Avec plus de courage que de discernement, à mon sens, monsieur Gravel défend son institution. Plus tôt cette semaine, je l’ai entendu à Radio 98,5, répondant de son mieux aux questions de Paul Arcand et croisant le fer avec madame France Bédard, qui a été violée par un vicaire, à Québec. À une autre occasion, il a coupé court à une interview musclée avec Benoît Dutrizac.

Je ne sais pas si monsieur Gravel transmettait le message officiel de sa hiérarchie ou s’il s’exprimait à titre personnel. Quoiqu’il en soit, son argumentaire mérite qu’on s’y arrête. En substance, il dit ceci : Plutôt que de condamner les prêtres violeurs, il faut leur pardonner. Bien sûr, l’Église doit montrer de la compassion pour les victimes mais ne devrait pas leur offrir un dédommagement. Il est justifié que l’Église conserve en son sein les prêtres fautifs mais doit les mettre hors d’état de nuire. Oui, bien sûr, dans le passé, l’Église a camouflé des délits de pédophilie commis par des prêtres mais c’était conforme à la façon de faire de l’époque. L’institution de l’Église n’est pas responsable du comportement délictueux de certains de ses prêtres. Les nombreux prêtres qui ont un comportement irréprochable ne devraient pas se sentir coupables de crimes commis par les pédophiles et les violeurs. Sur ce point, monsieur Gravel s’est donné en exemple : pourquoi moi qui fus ordonné au cours des années quatre-vingt serais-je concerné par des faits survenus avant mon temps?

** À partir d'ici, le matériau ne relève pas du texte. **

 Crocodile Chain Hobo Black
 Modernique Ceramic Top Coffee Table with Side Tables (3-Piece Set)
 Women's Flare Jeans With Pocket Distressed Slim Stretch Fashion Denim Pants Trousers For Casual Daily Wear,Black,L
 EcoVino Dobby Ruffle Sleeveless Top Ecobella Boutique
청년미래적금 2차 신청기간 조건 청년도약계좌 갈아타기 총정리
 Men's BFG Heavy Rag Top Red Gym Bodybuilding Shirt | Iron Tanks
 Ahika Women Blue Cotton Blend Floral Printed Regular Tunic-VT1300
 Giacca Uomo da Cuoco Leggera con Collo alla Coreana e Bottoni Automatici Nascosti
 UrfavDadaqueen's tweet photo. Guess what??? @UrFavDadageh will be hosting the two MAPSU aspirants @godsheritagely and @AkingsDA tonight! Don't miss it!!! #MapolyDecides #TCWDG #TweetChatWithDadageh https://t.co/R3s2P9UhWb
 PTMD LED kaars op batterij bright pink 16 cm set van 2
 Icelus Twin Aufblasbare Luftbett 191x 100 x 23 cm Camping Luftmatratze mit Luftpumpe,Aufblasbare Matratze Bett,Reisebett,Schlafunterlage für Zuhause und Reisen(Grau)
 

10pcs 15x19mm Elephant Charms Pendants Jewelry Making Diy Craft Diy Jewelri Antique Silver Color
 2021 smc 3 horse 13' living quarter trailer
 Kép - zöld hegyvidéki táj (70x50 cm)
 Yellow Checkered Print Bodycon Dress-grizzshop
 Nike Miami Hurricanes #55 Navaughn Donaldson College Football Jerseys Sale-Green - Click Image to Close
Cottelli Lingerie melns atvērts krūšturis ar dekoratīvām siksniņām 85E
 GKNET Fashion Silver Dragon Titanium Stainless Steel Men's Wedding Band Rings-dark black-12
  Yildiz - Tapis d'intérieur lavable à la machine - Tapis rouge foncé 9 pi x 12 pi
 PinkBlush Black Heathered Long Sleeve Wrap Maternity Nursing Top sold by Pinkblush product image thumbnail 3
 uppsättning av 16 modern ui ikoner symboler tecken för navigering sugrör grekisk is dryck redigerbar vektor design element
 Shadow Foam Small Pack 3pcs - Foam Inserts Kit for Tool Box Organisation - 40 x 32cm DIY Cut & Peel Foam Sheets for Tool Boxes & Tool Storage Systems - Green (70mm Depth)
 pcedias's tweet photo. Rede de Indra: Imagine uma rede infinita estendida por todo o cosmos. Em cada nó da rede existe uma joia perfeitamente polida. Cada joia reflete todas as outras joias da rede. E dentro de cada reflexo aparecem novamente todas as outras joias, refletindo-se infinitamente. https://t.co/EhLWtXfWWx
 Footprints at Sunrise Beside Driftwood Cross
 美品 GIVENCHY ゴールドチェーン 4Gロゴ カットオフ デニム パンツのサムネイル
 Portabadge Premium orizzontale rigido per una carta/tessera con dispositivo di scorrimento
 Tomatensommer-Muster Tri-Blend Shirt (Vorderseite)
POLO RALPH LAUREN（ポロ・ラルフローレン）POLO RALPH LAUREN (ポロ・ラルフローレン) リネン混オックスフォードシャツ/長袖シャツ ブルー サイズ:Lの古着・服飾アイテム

Examinons un moment cette dernière assertion. Monsieur Gravel rejette le concept de culpabilité collective. Il affirme que ni l’Église en tant qu’institution, ni la hiérarchie catholique (le pape, les cardinaux, les évêques), ni les autres prêtres ne sont responsables de crimes commis par d’autres membres du clergé, notamment ceux perpétrés à des époques révolues. Bien sûr, du point de vue du code criminel de notre société laïque, il a raison. En démocratie, personne n’est coupable d’un crime commis par un autre. Ainsi, dans la crise actuelle, les seuls coupables sont les prêtres violeurs et les évêques qui ont couvert ces crimes. Sont coupables aussi les complices au sein de l’Église qui ont obéi aux évêques afin de mettre en œuvres le camouflage. Ça peut faire beaucoup de monde mais ça n’inclut pas tout le monde.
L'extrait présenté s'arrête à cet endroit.